Insurance company held liable for refusing coverage
Lawyers USA, December 4, 2006, Natalie White, Contributing Writer
Insurance company held liable for refusing coverage
Plaintiff fell from roof trying to remove limb
Missouri Jury recently decided than an insurance company should pay $12.7 million to a man who fell from his sister’s roof and was paralyzed while dis-lodging a fallen tree limb that the homeowner’s policy should have paid to remove.
Galen Richey, 48, climbed onto his sister’s rooftop after an agent with American Family Mutual Insurance Company repeatedly refused to pay to remove the 1400-pound tree limb. The company claimed the women’s homeowners insurance did not cover the removal.
The accident left Richey, a journeyman diesel mechanic, unable to walk.
“Galen Richey was just trying to help his sister. He never would have been up on that roof if they had honored their policy,” said the plaintiff’s attorney, Brian McCallister. “They told his sister that she didn’t have coverage for something they should have paid for, so he was trying to help her.”
Despite the repeated denials of coverage, McCallister argued that the homeowners policy did cover remove of downed tree limbs on a house.
He told jurors that Richey would have remained safely on the ground if the agent had done her job correctly. He said the family called the agent three times to report the downed limb.
The defense, however, contended that Richey went up on the roof of his own accord and that they had nothing to do with this decision or his fall off the roof.
Although jurors agreed that Richey was partially to blame, they assigned him just 5 percent of the responsibility, finding the insurance company 95 percent liable.
The jury awarded a total of $13.35 million in damages, making the insurance company responsible for paying Richey $12.68 million.
No smoking gun
The tree limb sat on Brenda Bricker’s roof for several weeks while she tried to get the insurance company to take care of it. After the third call, Bricker asked her brother to help remove it. In the middle of the job, part of the limb broke and rolled, knocking Richey off the roof to the ground 15 feet below. He suffered a severe spinal cord injury that left him paralyzed from the waist down.
At trial, insurance company officials questioned whether the family had, in face, called the agent three times. There was no paper trail of the calls because the agent destroyed the telephone logs, according to McCallister. He said the agent testified that she routinely destroys telephone logs after a few years in accordance with company policies.
This, McCallister said, set the scene for him to present his best piece of evidence – the Hallmark pocket calendar in which Richey’s mother habitually recorded everyday occurrences. The calendar showed that the family had called the agent three times before Richey’s accident.

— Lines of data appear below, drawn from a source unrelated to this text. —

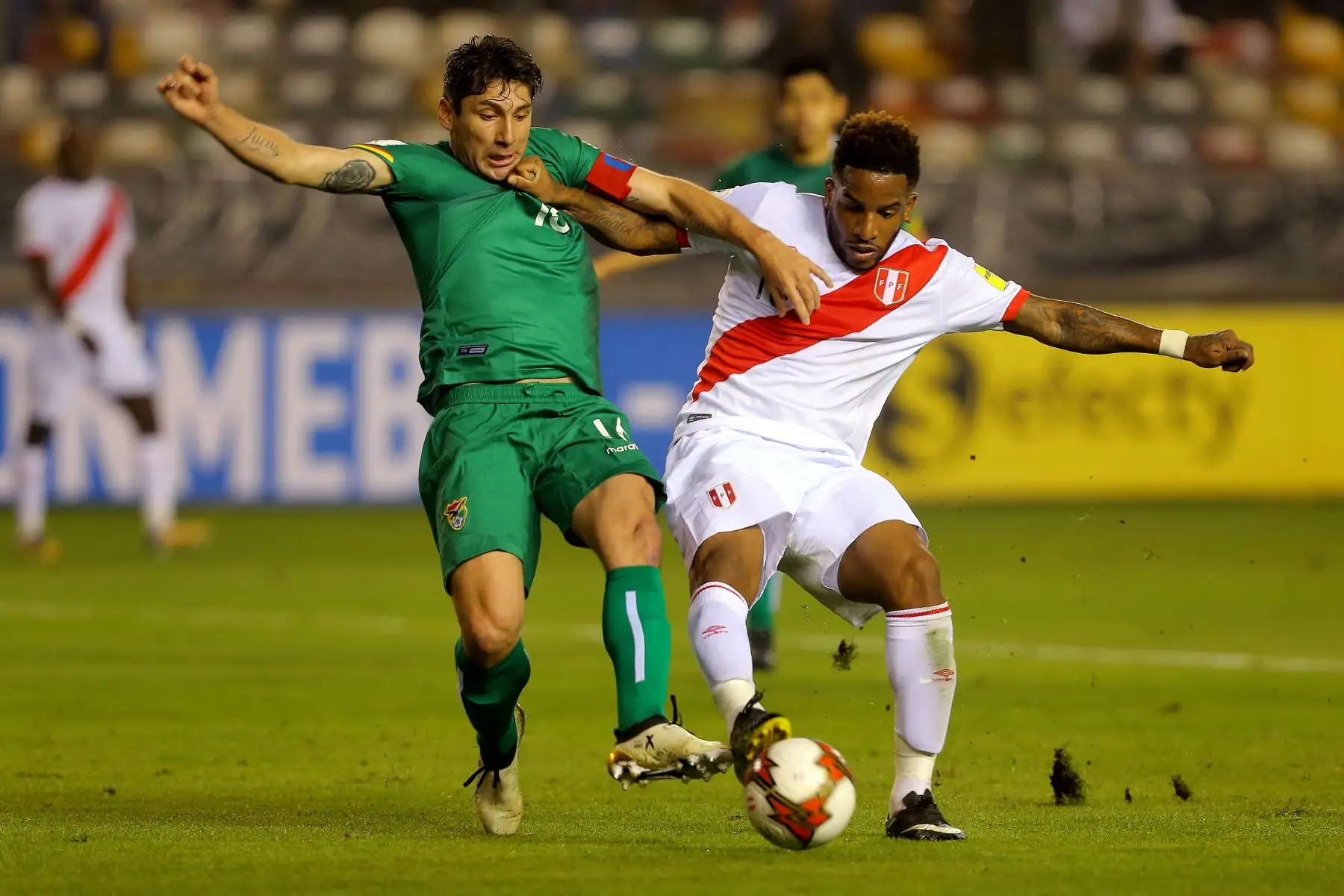 LIMA,PERÚ-AGOSTO 31. Selecciones de Perú y Bolivia se enfrentan en el estadio Monumental por las Eliminatorias al Mundial de Rusia 2018.

Foto: ANDINA/Luis Iparraguirre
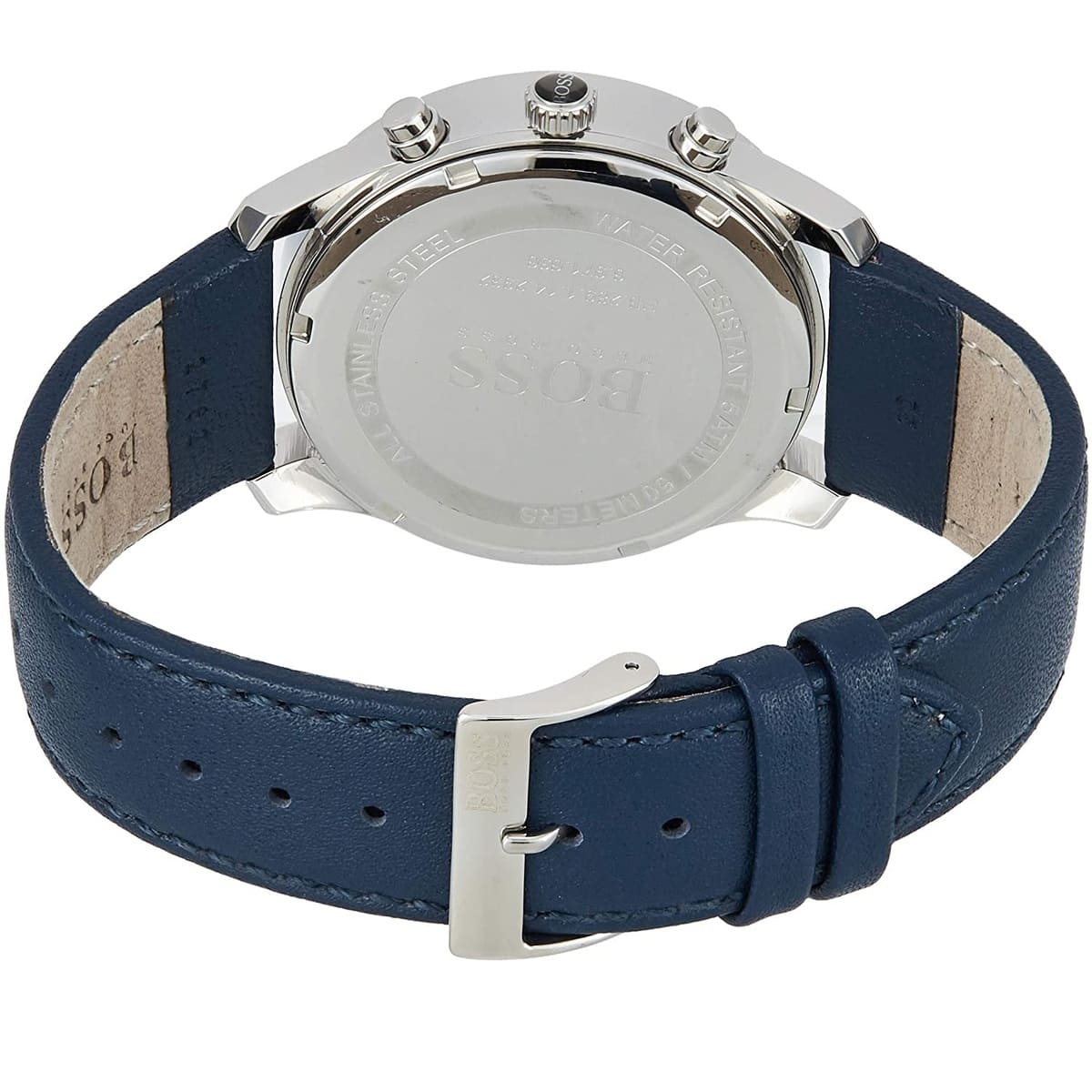 Hugo Boss Runner 1513431 44mm Men’s Chronograph Watch – Blue Dial & Blue Genuine Leather Strap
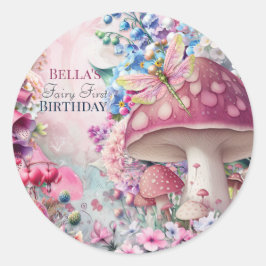 Magic Mushroom Fairy Bos Sticker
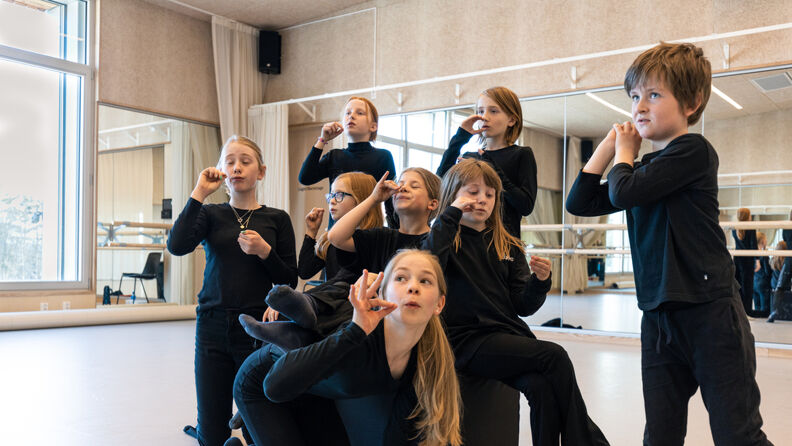 Teaterelever på Oslo kulturskole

“In some ways it came down to a swearing issue,” said McCallister. They said one thing, we said another. Who do you believe? They said my client’s family didn’t call three times, but the agent burned her telephone logs. Our best evidence was the mother’s Hallmark calendar where she wrote down everything. Not just birthdays and anniversaries, but routine, mundane things.”
Although other company records are supposed to be kept for five years the agent testified that telephone logs are supposed to be destroyed after three years. So she burned them in 2003, three years after the accent. Richey didn’t file his suit until 2005.
Because the calls were all local, the telephone company didn’t not have records of them. “I just don’t think that it sat well with the jurors that she burned the telephone logs,” McCallister said.
Policy interpretation
According to McCallister, the agent told Richey’s sister that the policy covered limbs downed by storms, but not tree limbs that came down for no apparent reason. Since the tree limb did not come down in a storm, the agent denied the claim. “That just wasn’t true. Of course it was covered,” McCallister said. The negligence case turned, in part, on whether the insurance company could have reasonable foreseen the problems. McCallister said the agent’s own testimony provided key evident. She testified that the company tried to quickly handle claims involving fallen tree limbs because it’s aware that accidents occur when unqualified people try to handle such damage. “Was it foreseeable” The agent admitted foreseeability,” said McCallister. “Basically, we asked her if it was foreseeable that someone could get seriously injured if she negligently misrepresented policy coverage. The agent admitted that the company has fast, friendly claims service to prevent accidents like this from happening.” The defense argued at trial that even if the agent was negligent in denying the coverage, she did not cause Richey’s fall. “They were arguing that she might have been the “but for” cause but she was not the proximate cause” McCallister said.
Plaintiff’s attorneys” Brian McCallister and Chris Lawler of The McCallister Law Firm in Kansas City, MO, Steve Garner and Jeff Bauer of The Strong Law Firm in Springfield MO.
Defense Attorney: John Franke of Franke, Schultz and Mullen in Kansas City, MO.
The case: Richey v. Philipp-Leatz: Nov 6, 2006, Jackson Country Circuit Court, Independence MO. Judge Jack R. Grate Jr.